Caption-style text data:
§ §
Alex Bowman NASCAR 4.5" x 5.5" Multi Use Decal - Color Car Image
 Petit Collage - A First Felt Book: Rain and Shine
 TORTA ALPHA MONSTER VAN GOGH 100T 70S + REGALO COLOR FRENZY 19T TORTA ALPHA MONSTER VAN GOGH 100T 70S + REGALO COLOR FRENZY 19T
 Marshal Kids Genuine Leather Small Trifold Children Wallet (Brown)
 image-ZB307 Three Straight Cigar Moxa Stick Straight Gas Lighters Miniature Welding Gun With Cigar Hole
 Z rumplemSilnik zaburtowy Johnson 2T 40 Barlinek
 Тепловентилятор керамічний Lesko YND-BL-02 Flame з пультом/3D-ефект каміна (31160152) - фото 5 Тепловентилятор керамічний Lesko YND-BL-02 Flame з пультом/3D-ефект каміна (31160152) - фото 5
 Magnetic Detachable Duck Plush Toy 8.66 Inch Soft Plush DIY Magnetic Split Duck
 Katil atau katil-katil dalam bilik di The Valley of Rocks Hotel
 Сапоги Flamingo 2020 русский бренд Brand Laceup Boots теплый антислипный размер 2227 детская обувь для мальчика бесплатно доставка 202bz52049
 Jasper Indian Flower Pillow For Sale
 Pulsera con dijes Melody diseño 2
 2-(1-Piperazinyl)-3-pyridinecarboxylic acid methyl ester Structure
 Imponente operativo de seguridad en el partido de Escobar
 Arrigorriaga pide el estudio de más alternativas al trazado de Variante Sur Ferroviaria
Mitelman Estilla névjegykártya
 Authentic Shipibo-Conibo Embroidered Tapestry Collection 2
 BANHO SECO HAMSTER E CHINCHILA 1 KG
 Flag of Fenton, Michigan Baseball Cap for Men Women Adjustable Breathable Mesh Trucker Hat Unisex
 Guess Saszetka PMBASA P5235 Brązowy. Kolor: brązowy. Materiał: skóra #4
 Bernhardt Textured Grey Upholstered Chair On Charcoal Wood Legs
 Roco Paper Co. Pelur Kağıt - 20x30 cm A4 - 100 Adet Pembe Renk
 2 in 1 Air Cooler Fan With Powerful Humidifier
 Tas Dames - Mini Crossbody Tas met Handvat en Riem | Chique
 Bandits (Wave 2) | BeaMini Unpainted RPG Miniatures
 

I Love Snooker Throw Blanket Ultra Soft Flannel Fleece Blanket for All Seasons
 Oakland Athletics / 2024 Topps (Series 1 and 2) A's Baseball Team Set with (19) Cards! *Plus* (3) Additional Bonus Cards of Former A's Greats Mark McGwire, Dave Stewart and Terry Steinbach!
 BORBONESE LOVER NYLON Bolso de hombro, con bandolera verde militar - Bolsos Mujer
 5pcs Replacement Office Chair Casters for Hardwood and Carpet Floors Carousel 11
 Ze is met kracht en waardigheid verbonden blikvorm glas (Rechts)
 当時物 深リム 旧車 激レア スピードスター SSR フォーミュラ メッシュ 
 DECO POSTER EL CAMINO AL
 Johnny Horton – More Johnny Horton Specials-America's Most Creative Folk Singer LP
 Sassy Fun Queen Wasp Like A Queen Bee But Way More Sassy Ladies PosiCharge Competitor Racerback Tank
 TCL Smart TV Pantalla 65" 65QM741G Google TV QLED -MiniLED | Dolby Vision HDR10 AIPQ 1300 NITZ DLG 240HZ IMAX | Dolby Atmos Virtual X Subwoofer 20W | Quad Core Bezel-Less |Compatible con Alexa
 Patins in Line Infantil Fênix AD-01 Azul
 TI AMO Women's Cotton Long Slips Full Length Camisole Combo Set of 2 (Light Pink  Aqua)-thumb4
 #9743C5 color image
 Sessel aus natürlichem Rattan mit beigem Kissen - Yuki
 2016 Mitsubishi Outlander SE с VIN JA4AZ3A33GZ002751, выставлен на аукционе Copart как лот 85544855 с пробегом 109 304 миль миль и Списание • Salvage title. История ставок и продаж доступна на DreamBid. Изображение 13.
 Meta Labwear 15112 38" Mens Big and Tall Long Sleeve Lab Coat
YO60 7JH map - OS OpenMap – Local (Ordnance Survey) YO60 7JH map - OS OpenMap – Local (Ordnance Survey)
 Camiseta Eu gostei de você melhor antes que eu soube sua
§ §
■ **TASK DESCRIPTION**
Would you set down every record again, exactly as it appears above?

■ **RESULT**
Alex Bowman NASCAR 4.5" x 5.5" Multi Use Decal - Color Car Image
 Petit Collage - A First Felt Book: Rain and Shine
 TORTA ALPHA MONSTER VAN GOGH 100T 70S + REGALO COLOR FRENZY 19T TORTA ALPHA MONSTER VAN GOGH 100T 70S + REGALO COLOR FRENZY 19T
 Marshal Kids Genuine Leather Small Trifold Children Wallet (Brown)
 image-ZB307 Three Straight Cigar Moxa Stick Straight Gas Lighters Miniature Welding Gun With Cigar Hole
 Z rumplemSilnik zaburtowy Johnson 2T 40 Barlinek
 Тепловентилятор керамічний Lesko YND-BL-02 Flame з пультом/3D-ефект каміна (31160152) - фото 5 Тепловентилятор керамічний Lesko YND-BL-02 Flame з пультом/3D-ефект каміна (31160152) - фото 5
 Magnetic Detachable Duck Plush Toy 8.66 Inch Soft Plush DIY Magnetic Split Duck
 Katil atau katil-katil dalam bilik di The Valley of Rocks Hotel
 Сапоги Flamingo 2020 русский бренд Brand Laceup Boots теплый антислипный размер 2227 детская обувь для мальчика бесплатно доставка 202bz52049
 Jasper Indian Flower Pillow For Sale
 Pulsera con dijes Melody diseño 2
 2-(1-Piperazinyl)-3-pyridinecarboxylic acid methyl ester Structure
 Imponente operativo de seguridad en el partido de Escobar
 Arrigorriaga pide el estudio de más alternativas al trazado de Variante Sur Ferroviaria
Mitelman Estilla névjegykártya
 Authentic Shipibo-Conibo Embroidered Tapestry Collection 2
 BANHO SECO HAMSTER E CHINCHILA 1 KG
 Flag of Fenton, Michigan Baseball Cap for Men Women Adjustable Breathable Mesh Trucker Hat Unisex
 Guess Saszetka PMBASA P5235 Brązowy. Kolor: brązowy. Materiał: skóra #4
 Bernhardt Textured Grey Upholstered Chair On Charcoal Wood Legs
 Roco Paper Co. Pelur Kağıt - 20x30 cm A4 - 100 Adet Pembe Renk
 2 in 1 Air Cooler Fan With Powerful Humidifier
 Tas Dames - Mini Crossbody Tas met Handvat en Riem | Chique
 Bandits (Wave 2) | BeaMini Unpainted RPG Miniatures
 

I Love Snooker Throw Blanket Ultra Soft Flannel Fleece Blanket for All Seasons
 Oakland Athletics / 2024 Topps (Series 1 and 2) A's Baseball Team Set with (19) Cards! *Plus* (3) Additional Bonus Cards of Former A's Greats Mark McGwire, Dave Stewart and Terry Steinbach!
 BORBONESE LOVER NYLON Bolso de hombro, con bandolera verde militar - Bolsos Mujer
 5pcs Replacement Office Chair Casters for Hardwood and Carpet Floors Carousel 11
 Ze is met kracht en waardigheid verbonden blikvorm glas (Rechts)
 当時物 深リム 旧車 激レア スピードスター SSR フォーミュラ メッシュ 
 DECO POSTER EL CAMINO AL
 Johnny Horton – More Johnny Horton Specials-America's Most Creative Folk Singer LP
 Sassy Fun Queen Wasp Like A Queen Bee But Way More Sassy Ladies PosiCharge Competitor Racerback Tank
 TCL Smart TV Pantalla 65" 65QM741G Google TV QLED -MiniLED | Dolby Vision HDR10 AIPQ 1300 NITZ DLG 240HZ IMAX | Dolby Atmos Virtual X Subwoofer 20W | Quad Core Bezel-Less |Compatible con Alexa
 Patins in Line Infantil Fênix AD-01 Azul
 TI AMO Women's Cotton Long Slips Full Length Camisole Combo Set of 2 (Light Pink  Aqua)-thumb4
 #9743C5 color image
 Sessel aus natürlichem Rattan mit beigem Kissen - Yuki
 2016 Mitsubishi Outlander SE с VIN JA4AZ3A33GZ002751, выставлен на аукционе Copart как лот 85544855 с пробегом 109 304 миль миль и Списание • Salvage title. История ставок и продаж доступна на DreamBid. Изображение 13.
 Meta Labwear 15112 38" Mens Big and Tall Long Sleeve Lab Coat
YO60 7JH map - OS OpenMap – Local (Ordnance Survey) YO60 7JH map - OS OpenMap – Local (Ordnance Survey)
 Camiseta Eu gostei de você melhor antes que eu soube sua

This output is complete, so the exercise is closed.